-- Work to be completed --
Will you write out, word for word, every line from the one with "12.04.2026 - 45." to the final line of the data below, with the pictures left out?

-- Data provided follows --

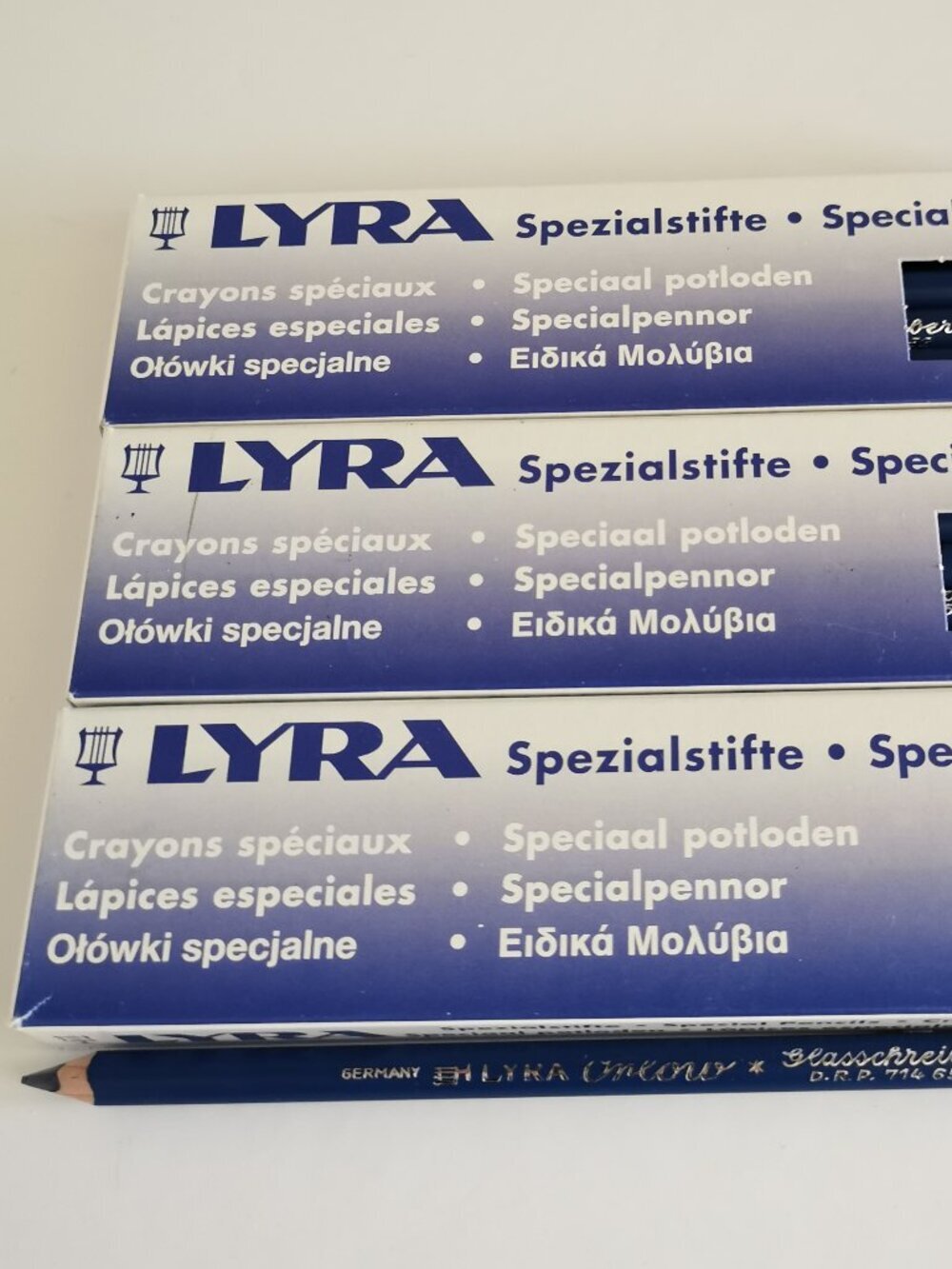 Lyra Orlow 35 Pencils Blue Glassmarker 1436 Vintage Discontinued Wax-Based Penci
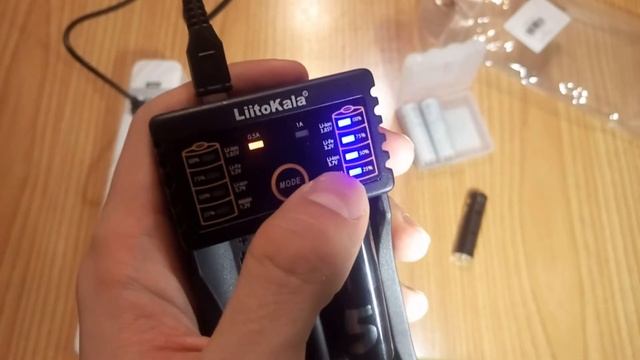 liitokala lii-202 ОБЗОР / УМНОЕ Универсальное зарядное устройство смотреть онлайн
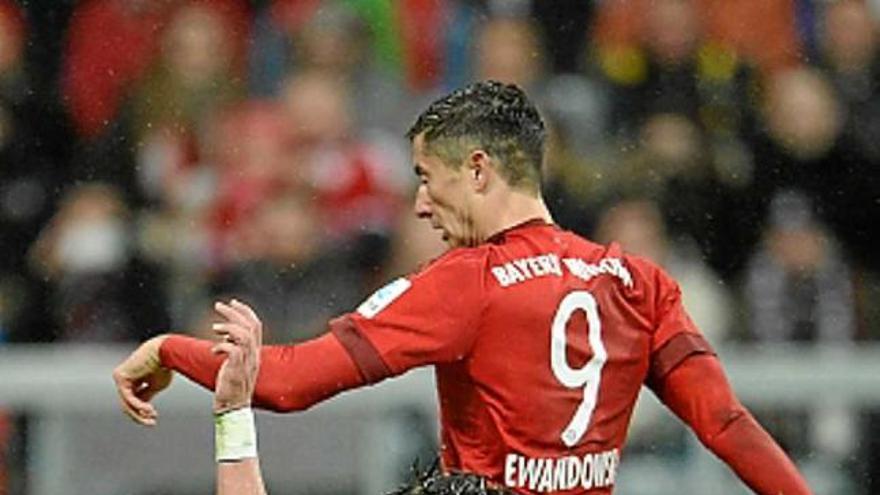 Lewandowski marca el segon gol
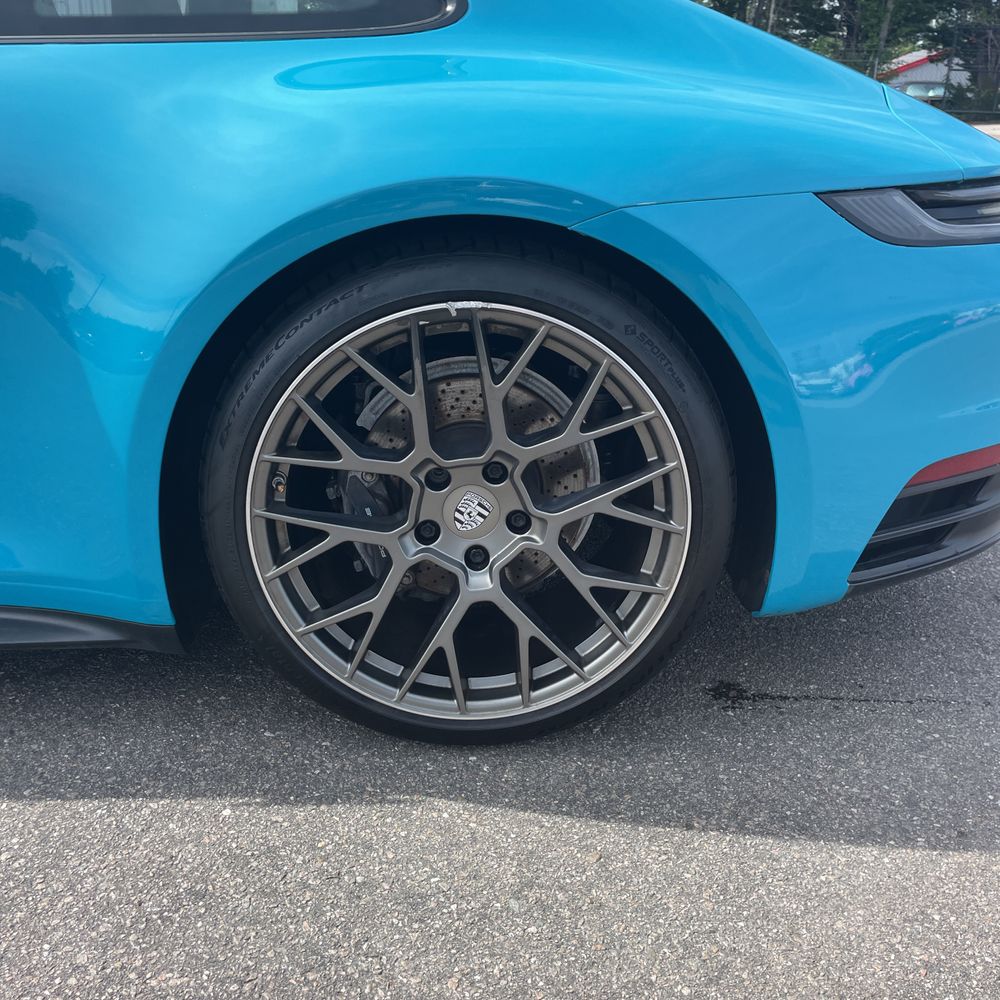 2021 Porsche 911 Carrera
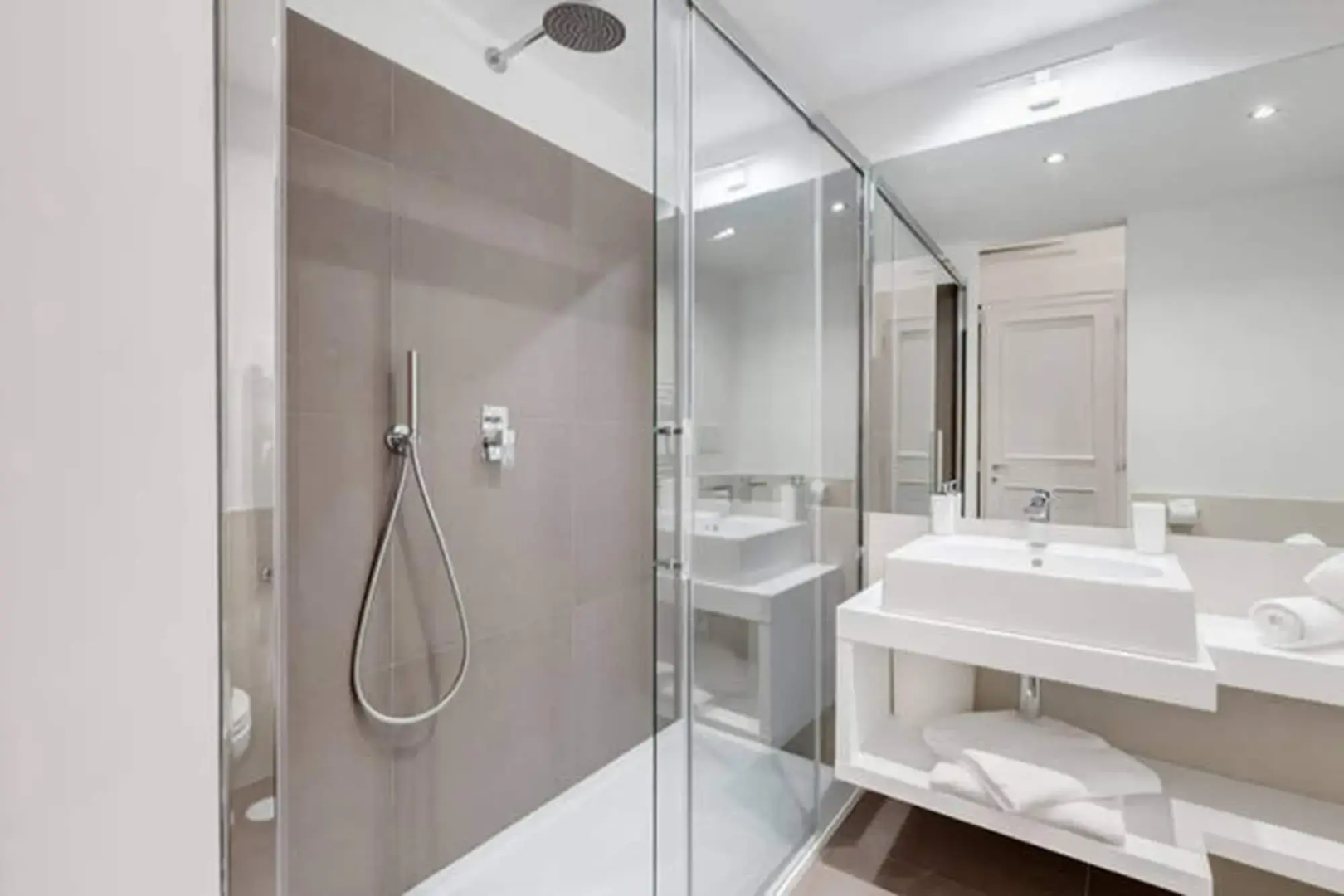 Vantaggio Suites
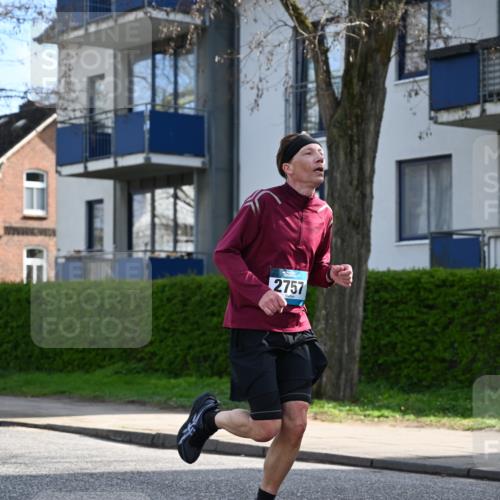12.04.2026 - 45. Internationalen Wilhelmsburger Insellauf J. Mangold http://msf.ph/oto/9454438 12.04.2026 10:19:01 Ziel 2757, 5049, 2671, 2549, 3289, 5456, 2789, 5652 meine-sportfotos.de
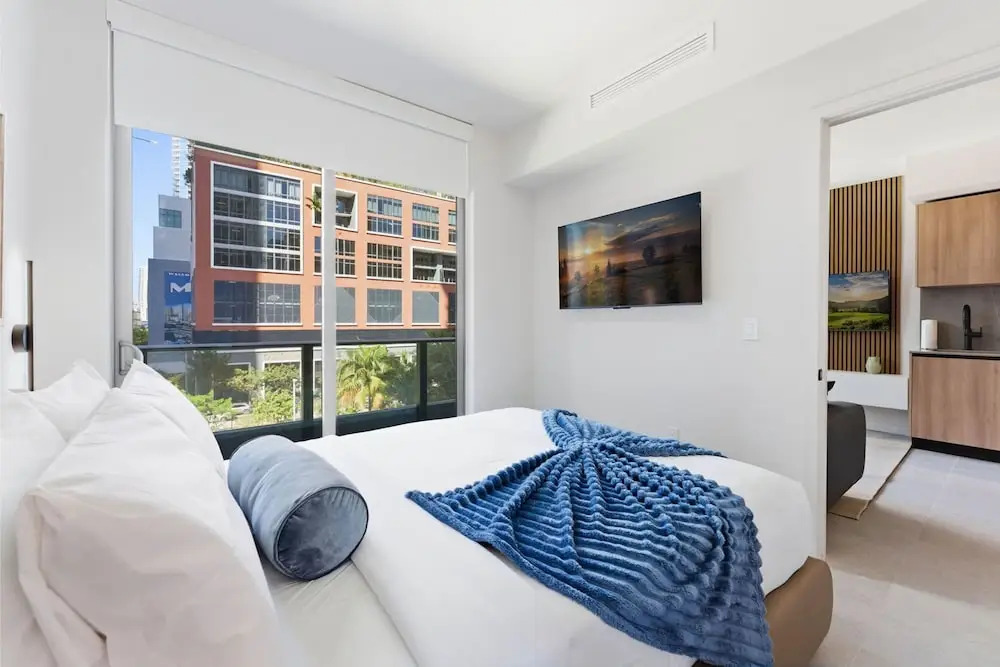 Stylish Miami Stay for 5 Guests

-- Data provided concluded --

-- Result of this task --
12.04.2026 - 45. Internationalen Wilhelmsburger Insellauf J. Mangold http://msf.ph/oto/9454438 12.04.2026 10:19:01 Ziel 2757, 5049, 2671, 2549, 3289, 5456, 2789, 5652 meine-sportfotos.de
 Stylish Miami Stay for 5 Guests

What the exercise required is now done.